[Saved entries]
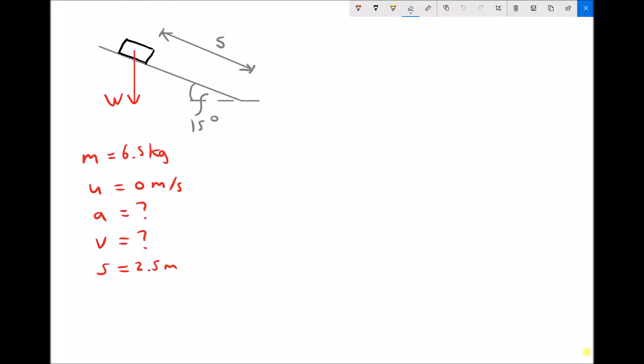In this example we have a block of material resting on a slope at an angle of 15 degrees. The mass of the block is 6.5 kilograms and the initial velocity of the block at the top of the slope is 0 meters per second. The block is stationary and we've been asked to find the acceleration as it travels down the slope and the final velocity once it reaches the bottom, at a distance of 2.5 meters from the starting point.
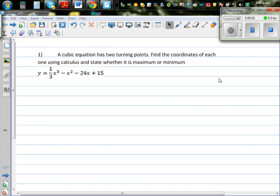A cubic equation has two turning points. Find the coordinates of each one using calculus and state whether each is a maximum or minimum.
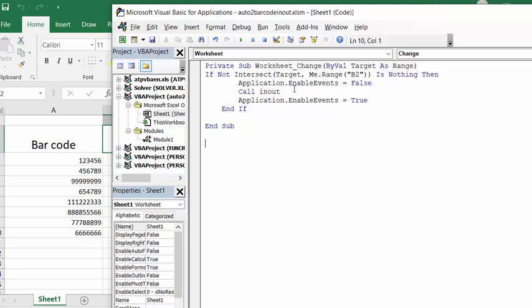So application enable events false means nothing is going to happen now, and then it's going to call the in and out macro. Application enable events true then you turn it on so it does things, and then end if and end sub.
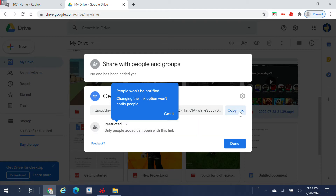Then copy the link. If you guys want to send it to me, you can send it through the comment section. But if you guys have Discord, you can join my Discord server and DM me through there and send me the link. If you don't have Discord, just send it to the YouTube comment section and I'll check it out.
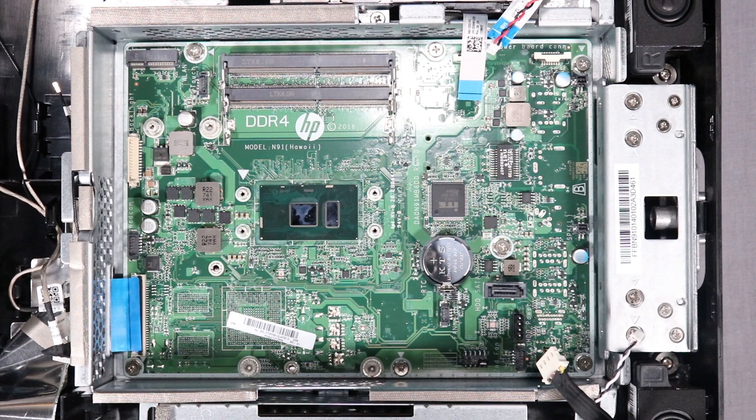There are multiple configurations of this all-in-one desktop. The procedure shown in this video is the same for all configurations.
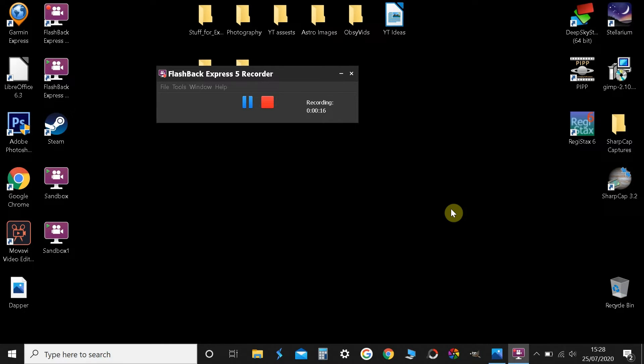Hello, welcome back to DIY Astronomy. My name's Chris and today I thought I'd show you how to stack comets in Deep Sky Stacker.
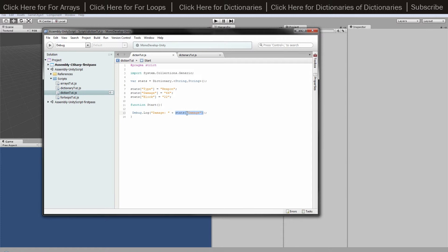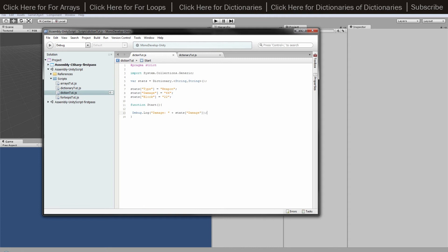This shows that we're calling this bit. We're using damage which is the key, and then the value is here. It will display the value of whatever key we've got called there.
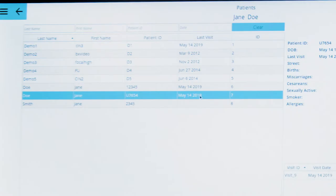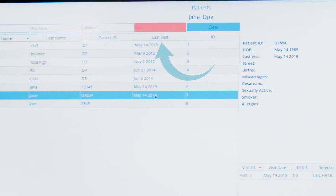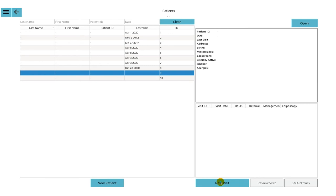A list will appear to select the correct patient. Select New Visit to create a new visit record for that patient. Complete the referral reason and add any additional information.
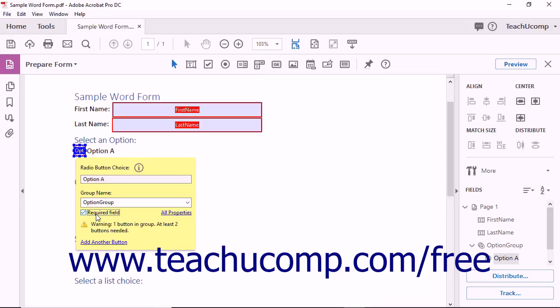Because users must choose between multiple options using option buttons, Acrobat requires you to add at least one more option button to this group for the buttons to function. If you only have one option to present to users, you must use a checkbox instead.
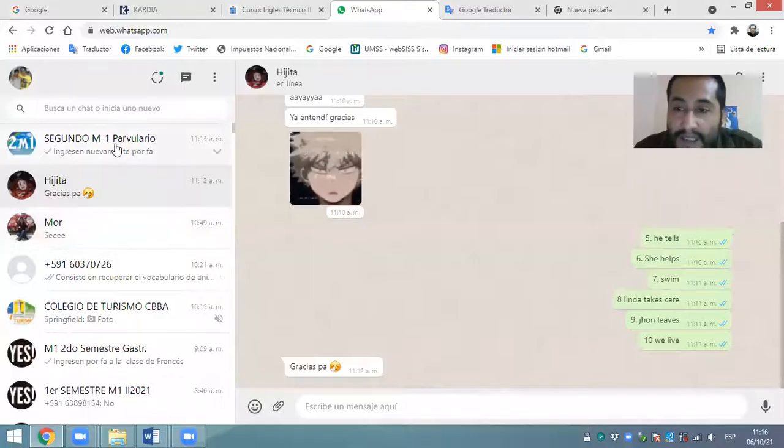Bien, jóvenes, ¿qué es lo que hemos hecho en esta clase hasta ahora? Hemos reforzado los modales: el modal can, could, would, should, may, ought to y finalmente el modal have to. Más que recordar su traducción, hemos puesto énfasis en la denotación que reflejan estos modales. Estos modales tienen diferente denotación y dependiendo del uso, dependiendo de la intención comunicativa que tengamos, vamos a utilizar estos modales en una situación comunicativa real. Sorry with the noise — disculpen el sonido, pero están trabajando aquí y no les puedo prohibir a los albañiles en su trabajo.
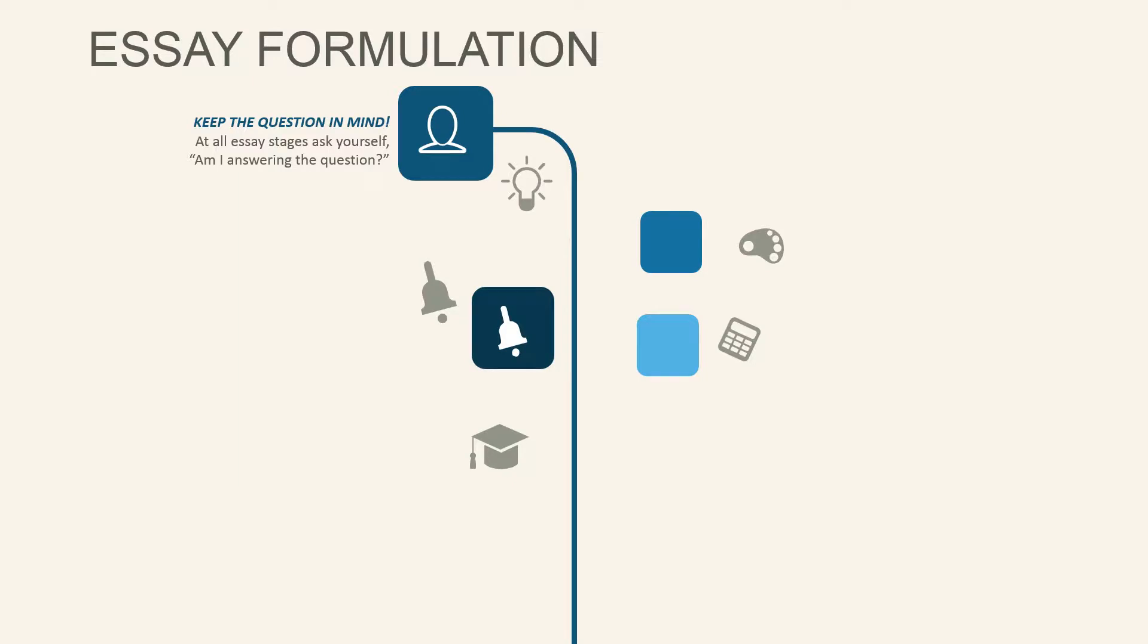When you're ready to start formulating your essay, you'll want to keep your question in mind. Keep asking yourself, am I answering the question throughout the time that you're putting your essay together?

▶ **What you need to do**
Every line from the one containing "Then copy the" through the end of the records is to be returned exactly, and those lines alone; pictures are dropped.

▶ **Result of this task**
Then copy the link. If you guys want to send it to me, you can send it through the comment section. But if you guys have Discord, you can join my Discord server and DM me through there and send me the link. If you don't have Discord, just send it to the YouTube comment section and I'll check it out.
There are multiple configurations of this all-in-one desktop. The procedure shown in this video is the same for all configurations.
Hello, welcome back to DIY Astronomy. My name's Chris and today I thought I'd show you how to stack comets in Deep Sky Stacker.
This shows that we're calling this bit. We're using damage which is the key, and then the value is here. It will display the value of whatever key we've got called there.
A list will appear to select the correct patient. Select New Visit to create a new visit record for that patient. Complete the referral reason and add any additional information.
Because users must choose between multiple options using option buttons, Acrobat requires you to add at least one more option button to this group for the buttons to function. If you only have one option to present to users, you must use a checkbox instead.
Bien, jóvenes, ¿qué es lo que hemos hecho en esta clase hasta ahora? Hemos reforzado los modales: el modal can, could, would, should, may, ought to y finalmente el modal have to. Más que recordar su traducción, hemos puesto énfasis en la denotación que reflejan estos modales. Estos modales tienen diferente denotación y dependiendo del uso, dependiendo de la intención comunicativa que tengamos, vamos a utilizar estos modales en una situación comunicativa real. Sorry with the noise — disculpen el sonido, pero están trabajando aquí y no les puedo prohibir a los albañiles en su trabajo.
When you're ready to start formulating your essay, you'll want to keep your question in mind. Keep asking yourself, am I answering the question throughout the time that you're putting your essay together?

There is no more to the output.